The experiments are conducted on a test subnet only (128.38.45)
and from the '45' subnet to another (128.38.48).  The '45' cable has
only 4 computers, a sun, a dec 3100, a lanalyser and a lan watch.
The 48 cable is a "living lab" various protocols are allowed to
exist on it: decnet, novell_ipx, apple_localtalk, osi etc.  It is
also pretty quiet, a 2% peak for 1 second is the max traffic observed
to date (I haven't broken out the LAN MDs yet).  The router is
currently a Network Systems Corporation EN-641.  In a few more weeks
it will be replaced by a cisco box and the tests will be rerun.

question:
	There is a repeatable difference in the number of packets
required to conduct an operation on the 45 cable alone or routed
from the 45 cable to the 48 cable for certain applications.
The difference is fairly high for xterm and telnet, it cannot be
detected for ftp.  Below are two fragments of the test results
form.  They are fairly representative, I have been running tests for
three weeks and have collected a fair quantity of data.  
examples:	45 CABLE		45 -> 48 CABLE
	Traffic required to initiate an xterm connection:
		60 packets		71 packets
	Traffic telnet requires to transmit a known string:
		37 packets		45 packets	

YES! arps are stripped out and maintained as a separate stat.
YES! the test has been run to/from similar hw/sw platforms *
NO! fragments have not been observed... in fact in the case of
xterm or telnet you tend to have small packets anyway.

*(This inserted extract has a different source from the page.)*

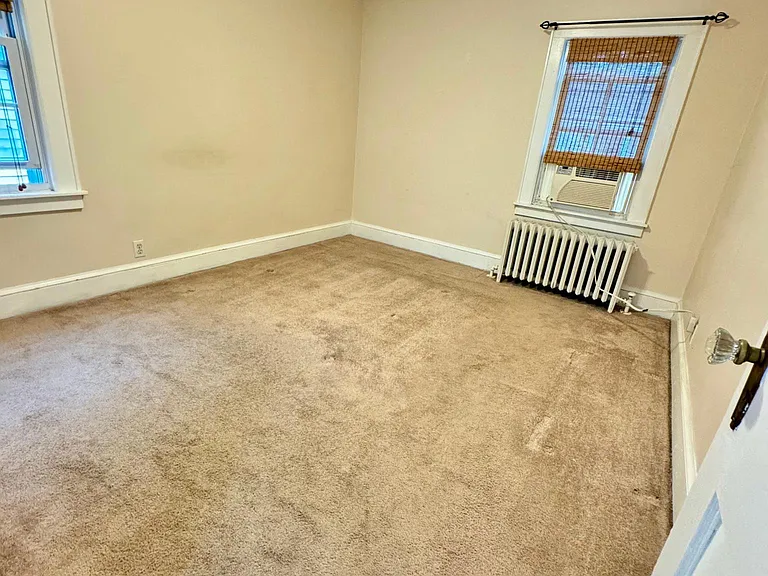 403 Nott St — Photo 8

* there is only one dec 3100, so an ultrix vax was used on the 48 cable,
however there is a sun 2 sunos 3.5 on both cables and results are
quite similar.

So I am confused.  What causes this overhead?  Is there an RFC I should
have read on this subject?  Could it be the router?  Any ideas?

		Thank You,

		Stephen Northcutt (snorthc@relay.nswc.navy.mil)

craig@bbn.com (Craig Partridge) (08/29/89)

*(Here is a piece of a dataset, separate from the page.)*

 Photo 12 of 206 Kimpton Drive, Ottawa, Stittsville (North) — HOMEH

In article <8908291343.AA07813@ucbvax.Berkeley.EDU> snorthc@RELAY.NSWC.NAVY.MIL writes:
>	There is a repeatable difference in the number of packets
>required to conduct an operation on the 45 cable alone or routed
>from the 45 cable to the 48 cable for certain applications.
>The difference is fairly high for xterm and telnet, it cannot be
>detected for ftp.
> ...
>examples:	45 CABLE		45 -> 48 CABLE
>	Traffic required to initiate an xterm connection:
>		60 packets		71 packets
>	Traffic telnet requires to transmit a known string:
>		37 packets		45 packets	
>
>YES! arps are stripped out and maintained as a separate stat.
>YES! the test has been run to/from similar hw/sw platforms *
>NO! fragments have not been observed... in fact in the case of
>xterm or telnet you tend to have small packets anyway.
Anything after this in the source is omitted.